La cerise sur le gâteau

La Nouvelle-Zélande n’est pas le premier pays à aller dans le sens du bien-être plutôt que de la croissance. En 2008, le Bhoutan crée un « indice de bonheur national brut » (BNB). Celui-ci a été théorisé par le roi du Bhoutan dans les années 70, Jigme Singye Wangchuck, il permet  de faire passer le bonheur des citoyens d’abord dans l’élaboration des politiques publiques, avant un certain impératif de croissance économique. Le BNB se mesure en agrégeant un indice de développement économique (qui doit aussi être durable et équitable), la préservation des traditions et de la culture bhoutanaise, la sauvegarde de l’environnement et une bonne gouvernance. Au moment même où l’économie mondiale s’écroule sous le poids de la crise financière des subprimes, crise due à la folie de marchés immobiliers laissés sans surveillance ni contrôle, à ce moment même un tout petit pays, coincé entre l’Inde et la République Populaire de Chine, décide que l’argent ne fait pas le bonheur.
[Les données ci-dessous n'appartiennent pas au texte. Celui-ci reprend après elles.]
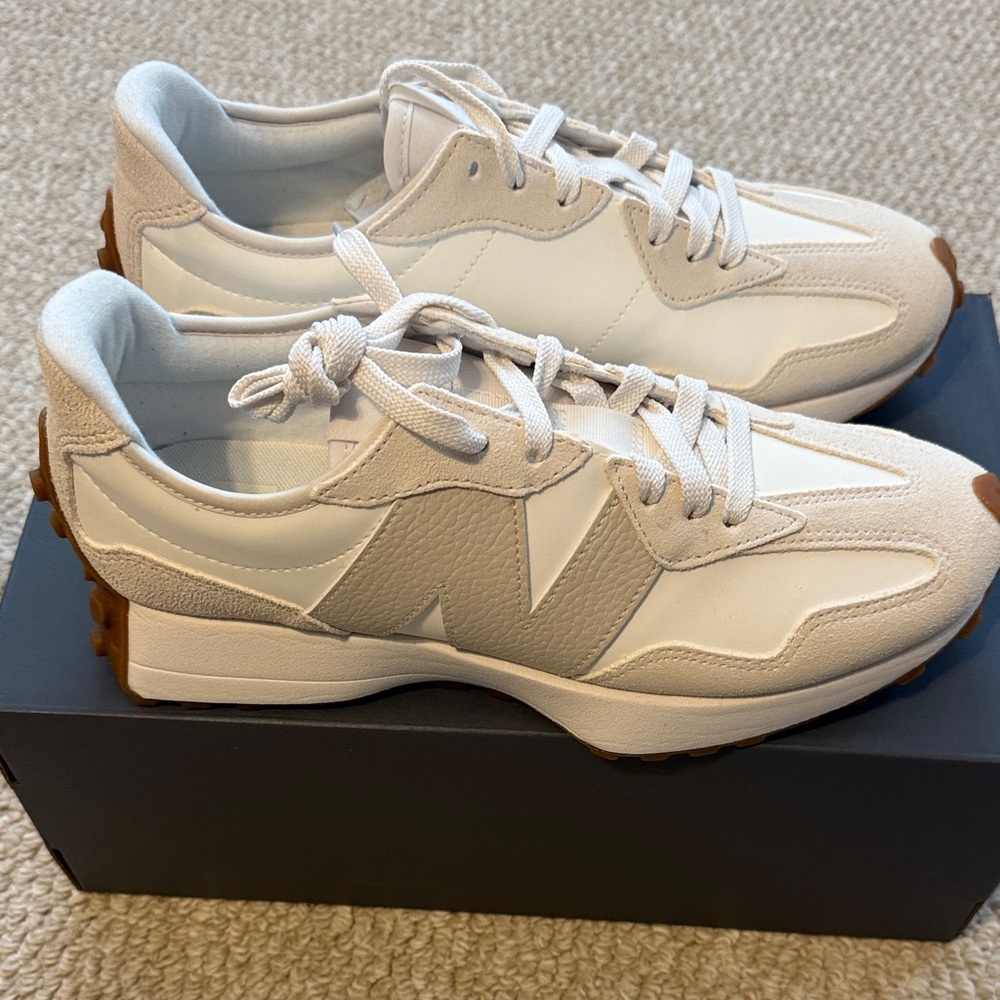 NEW! New Balance Women’s 327 Beige  White Sneakers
Le rôle des gouvernants est, à en croire le préambule de la constitution américaine, de « garantir la poursuite du bonheur ». Cet impératif s’est transformé, de par l’irruption de l’économie dans le politique, de « l’économie politique » capitaliste, en quête de croissance toujours plus forte, ce qui permettrait à tous les citoyens de bénéficier de plus de richesses et ce, pour être plus heureux. Lorsque le mur de Berlin s’effondre en 1989, on s’écrit à la victoire de ce modèle sur toute autre alternative. F. Fukuyama, américain, théorise la « Fin de l’Histoire », aucun autre modèle n’a su contredire au libéralisme, qui doit à terme se mondialiser. Or, les failles de ce modèle, qui perpétue la pauvreté, détruit l’environnement, isole les individus et détruit le lien social, s’éloigne de la perspective du bonheur.
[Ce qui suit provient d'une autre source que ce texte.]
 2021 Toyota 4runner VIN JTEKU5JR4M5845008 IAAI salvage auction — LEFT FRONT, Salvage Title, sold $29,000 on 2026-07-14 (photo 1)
Si le Bhoutan initie le mouvement, la plupart des pays développés se sont aussi mis à mesurer les indices de bien-être de leurs populations, le Royaume-Uni en tête. Des rapports de l’OMS, d’ONG en tout genre ou de l’OCDE permettent d’obtenir des données sur les sources du bien (ou du mal) être. Le budget néo-zélandais s’attaque alors aux principaux problèmes soulevés par ces différents indices, pour réduire les inégalités, soutenir les minorités  opprimées, développer l’éducation et permettre une transition écologique aux agriculteurs et entreprises soutenue par l’État (investissement dans la recherche, primes sur l’usage des terres). Est-ce la concrétisation d’un changement de paradigme dans la gestion de l’État ou les prémices d’un mouvement plus vaste et mondialisé ?

Investir dans l’Etat

Très novateur sur certains points (la protection des enfants, la lutte contre les maladies mentales et le suicide), le budget 2019 de la Nouvelle-Zélande renoue aussi avec certaines pratiques budgétaires enfouies sous les décombres de la crise de 1973. Si tout le monde salue l’audace d’Ardern, il ne faut pas oublier qu’elle n’a fait que remettre au goût du jour des théories économiques qui datent des années 30 : New Deal, Keynésianisme, État providence ne sont pas des néologismes maoris mais bien les concepts fondateurs du service public pour tous, de juste redistribution des richesses et de lutte contre le chômage. 1 ,7 milliards de $ investis dans les hôpitaux sur 2 ans, 1,2 milliards de $ dans les infrastructures scolaires sur 10 ans, 2.9 milliards dans la rénovation de la sécurité sociale, la partie « investir dans la Nouvelle-Zélande » du projet de budget présage un État Providence, couplé aux préoccupations contemporaines de bien-être social, sociétal, environnemental, pour préparer L’Après.